Consider mobile, too. If any of your team is likely to do any traveling, the solution you choose should have a solid mobile offering. Some members of our team travel frequently, and they need to be able to chat to the rest of the team as if they were at home, wherever they are and whether they can open their laptop or not. Many times I’ve received a hot news tip via email and needed to get into ‘the office’ on my phone to share it with the on-duty team.

2. Write a staff handbook

If you’re going to have staff spread around the world, it’s important they all have the same understanding of what your company is all about and don’t have to wait for the boss to come online to ask that basic question about something like where to find an expenses claim form. This could be a simple Dropbox folder full of documents that everyone can access, or your could opt for a password-protected Web page or mini-site built with something like Google Sites.

At The Next Web we use Google Sites to provide a single destination for information about   the company, from our company mission to an editorial style guide.

3. Share regular company updates

When your workforce is working remotely, it’s important that they all feel part of the same team. Keeping them informed about the same news that your head office employees are party to is key to this – the remote workers shouldn’t feel like second class citizens.

At The Next Web, we use our Google Sites hub for this. Staff are asked to subscribe to important pages so that they receive notifications when there’s an update – it’s a good way to keep everyone on top of what’s new, although you could achieve the same thing with a company-wide email.

The most  important thing is to make sure that you don’t let the regularity of the updates slip. If you tell your team that the update will be weekly or monthly, stick to that promise. Your local office staff may be able to see that you’ve been out at important meetings all week so are unlikely to be able to share a company-wide update on time, but an employee on the other side of the country – or the world – may be left wondering what exactly is going on.

4. Create a culture of mutual congratulation

It’s a cliché that sales teams in offices bang a gong whenever anyone closes a deal, but celebrating your little successes is actually a useful bonding ritual for remote teams.

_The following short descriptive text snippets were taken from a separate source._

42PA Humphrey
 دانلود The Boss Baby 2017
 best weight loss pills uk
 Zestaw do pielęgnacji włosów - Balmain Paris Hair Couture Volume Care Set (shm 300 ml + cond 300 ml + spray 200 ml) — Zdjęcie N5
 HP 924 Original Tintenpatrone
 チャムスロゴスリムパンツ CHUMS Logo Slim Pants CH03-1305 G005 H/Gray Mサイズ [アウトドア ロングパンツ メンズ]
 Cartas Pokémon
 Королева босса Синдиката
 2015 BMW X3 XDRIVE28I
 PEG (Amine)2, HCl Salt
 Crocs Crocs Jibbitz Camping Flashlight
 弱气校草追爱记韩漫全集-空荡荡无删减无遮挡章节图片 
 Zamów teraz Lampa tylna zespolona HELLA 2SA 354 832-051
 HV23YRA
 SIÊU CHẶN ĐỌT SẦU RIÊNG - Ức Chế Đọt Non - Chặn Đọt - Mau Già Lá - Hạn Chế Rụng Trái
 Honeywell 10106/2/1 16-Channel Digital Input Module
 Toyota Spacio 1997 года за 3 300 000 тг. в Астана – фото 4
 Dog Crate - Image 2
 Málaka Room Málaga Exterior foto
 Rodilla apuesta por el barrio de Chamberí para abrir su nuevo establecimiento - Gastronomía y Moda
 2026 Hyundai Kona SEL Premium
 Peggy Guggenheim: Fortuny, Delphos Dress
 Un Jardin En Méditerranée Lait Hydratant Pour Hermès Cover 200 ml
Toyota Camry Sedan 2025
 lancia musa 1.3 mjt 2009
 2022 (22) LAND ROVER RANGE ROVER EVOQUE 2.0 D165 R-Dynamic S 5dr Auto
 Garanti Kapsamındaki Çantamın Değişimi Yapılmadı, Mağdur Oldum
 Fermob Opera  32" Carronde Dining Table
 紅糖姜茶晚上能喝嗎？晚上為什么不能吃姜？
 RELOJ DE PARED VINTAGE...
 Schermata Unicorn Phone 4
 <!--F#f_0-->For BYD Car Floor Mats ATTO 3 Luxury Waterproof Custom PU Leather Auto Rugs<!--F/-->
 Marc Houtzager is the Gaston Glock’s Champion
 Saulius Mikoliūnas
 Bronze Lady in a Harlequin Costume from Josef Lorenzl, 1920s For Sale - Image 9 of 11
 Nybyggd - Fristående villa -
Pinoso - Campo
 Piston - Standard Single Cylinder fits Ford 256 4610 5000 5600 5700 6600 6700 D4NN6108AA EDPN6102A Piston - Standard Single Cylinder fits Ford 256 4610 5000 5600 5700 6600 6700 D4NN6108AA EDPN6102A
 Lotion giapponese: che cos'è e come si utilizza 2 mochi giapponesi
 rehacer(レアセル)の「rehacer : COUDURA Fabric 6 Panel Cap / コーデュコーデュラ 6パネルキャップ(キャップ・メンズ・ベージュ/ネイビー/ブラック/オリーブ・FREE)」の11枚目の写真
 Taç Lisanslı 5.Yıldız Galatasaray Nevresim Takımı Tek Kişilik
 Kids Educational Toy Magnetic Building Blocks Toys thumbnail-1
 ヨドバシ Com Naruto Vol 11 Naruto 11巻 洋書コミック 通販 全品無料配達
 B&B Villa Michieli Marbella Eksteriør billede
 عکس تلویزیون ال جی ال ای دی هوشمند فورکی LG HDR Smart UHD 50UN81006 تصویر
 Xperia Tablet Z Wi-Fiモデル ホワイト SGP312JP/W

Think about something you can measure, something that’s positive for the company and happens relatively often – celebrate in your virtual office as it happens.

Meanwhile, keep an eye out for employees doing particularly good work. Congratulate them on it in your virtual office so that other employees can see. The effect is that the person who has done well feels appreciated and everyone else understands that you value good work, even if you rarely – if ever – actually meet the people doing it.

5. Keep an eye on morale

Despite all the positive reinforcement you should be giving your remote team, it’s important  to keep an eye out for signs of doubt in the ranks. If you see any hint of a downturn in morale, you should nip it in the bud immediately. How you do that will depend on the circumstances, but taking clear action to address the problem, in a way that’s visible to the whole team, should stop the doubt from spreading further amongst the team.

6. Hire carefully

Not everyone is a natural at working remotely. If possible, give any possible recruits a tryout phase before you hire them fully. As you may rarely meet them them, it’s incredibly important to ensure your remote workforce lives and breathes your company mission. You need to be able to really trust them to get on with the job.

Your virtual office acts as a way to collaborate on products and maintain your company culture, but in the end, it’s all down to hiring the kinds of people who thrive in a situation where they may never meet their boss face-to-face.